Step G1 is generally always performed in the vertex shader. Step G2 should be performed in the geometry shader since the geometry shader has access to all vertices of the polygon (provided it is a triangle). Consequently, if the geometry shader is not used, the vertex shader needs to receive the other vertices as attributes in order to compute the distances. This entails that the application code is not invariant to whether the wireframe method is used, that additional data needs to be transmitted, and, finally, that the use of indexed primitives is precluded since the attributes of a vertex depend on which triangle is drawn.

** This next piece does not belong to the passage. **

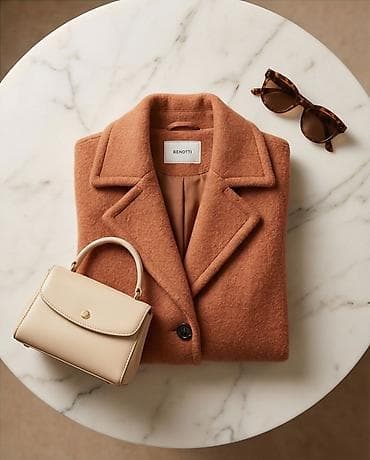 Ženski kaput BENOTTI – karamela boje - Kroj: ravna silueta do ispod na lalafo.rs — 4 Ženski kaput BENOTTI – karamela boje - Kroj: ravna silueta do ispod — 4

So when not using the geometry shader you indeed don't know the other vertices of a triangle and therefore have to transmit them as additional vertex attributes. So for each vertex of a triangle you got two additional vec3 attributes containing the positions of the other two vertices of this triangle. And of course, like the text says, you cannot use indexed drawing, since those two attributes don't only depend on the vertex position, but also on the triangle this vertex belongs to.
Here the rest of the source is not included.